Ryan Gonzalez as Santiago and Samantha Dodemaide as Nini in Moulin Rouge.
Credit: Michelle Grace Hunder

When Stephen Sondheim died last month at the age of 91, the eulogies that hailed his achievements were almost always followed with a rider. “Mr. Sondheim was the theater’s most revered and influential composer-lyricist of the last half of the 20th century,” said The New York Times, “if not its most popular.” Sondheim’s material, opined Variety, “was not always to mass-audience tastes. But critics and musical theater devotees thrilled to it.” As The Guardian observed, “He never scored a true hit show.”

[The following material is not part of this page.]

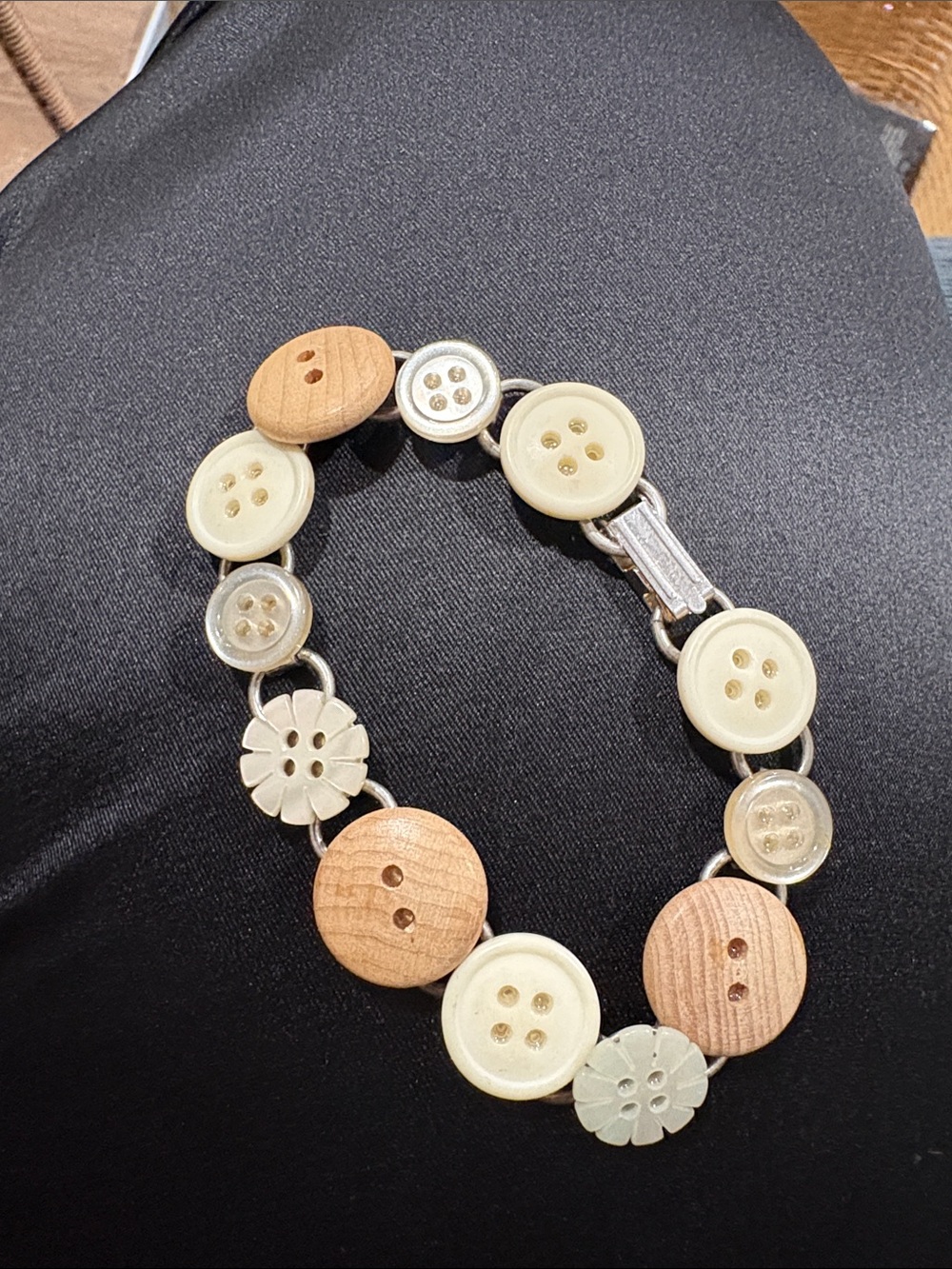 Handcrafted Button Bracelet - Neutral Cream & Natural Wood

Sondheim represented a possibility that went beyond what Peter Brook once called “cosy entertainment for tired businessmen and their wives”. He considered himself a playwright as much as a composer, and brought a serious sensibility and a variety of influences to Broadway – Grand Guignol in his Kurt Weill-esque Sweeney Todd, Georges Seurat for Sunday in the Park with George, Ingmar Bergman with A Little Night Music, and so on through a career marked by an aversion to repeating himself.

He died the night after I saw Moulin Rouge: The Musical in Melbourne. Moulin Rouge is almost the antithesis of what Sondheim represented. Baz Luhrmann’s 2001 film reached back to 19th-century opera for its inspiration, cheerfully wrenching its paper-thin plot from Puccini’s La bohème – itself often derided for what Benjamin Britten called “the cheapness and emptiness of the music” – and vamping it up with a dash of Bollywood extravagance.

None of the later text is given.